Rössler ha fatto eco a un pensiero simile e ha chiesto un “impegno più forte” tra tutte le parti. “Abbiamo bisogno di un impegno più forte da parte di tutti i governi per conservare e gestire queste aree, per escluderle da attività di sviluppo insostenibili e abbiamo bisogno di maggiore solidarietà e cooperazione tra le nazioni per raggiungere questo obiettivo”, ha detto, aggiungendo che aiuterà anche le comunità a contribuire ulteriormente a azioni relative al cambiamento climatico.
Tim Christophersen, coordinatore della sezione Nature for Climate Branch delle Nazioni Unite per l’ambiente, ha sottolineato l’attivismo dei giovani in materia. “Vediamo l’emergere di un movimento di restauro globale dalle reti giovanili alle comunità che vogliono ricostruire i propri mezzi di sussistenza in tutto il mondo, quindi questo movimento sta già emergendo”, ha affermato nel panel “Quali sono i modi possibili per rigenerare gli ecosistemi e ripristinare il nostro connessioni con la biodiversità?”

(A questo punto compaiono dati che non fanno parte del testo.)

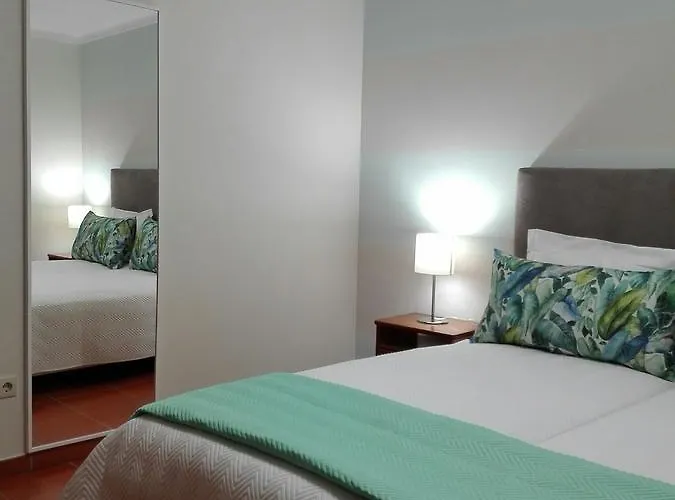 酒店 Dom Lourenco 2*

Christophersen ha fatto un focus sul Decennio delle Nazioni Unite e il restauro degli ecosistemi 2021-2030 e ha affermato che il prossimo decennio ha molte opportunità di apprendimento tra le comunità locali e internazionali. “Ciò che possiamo fare con il decennio delle Nazioni Unite è collegare le attività locali a un ombrello globale per offrire alle persone a livello locale più strumenti e, si spera, più risorse, più ispirazione e una connessione con un movimento globale dove possiamo imparare gli uni dagli altri”, ha detto.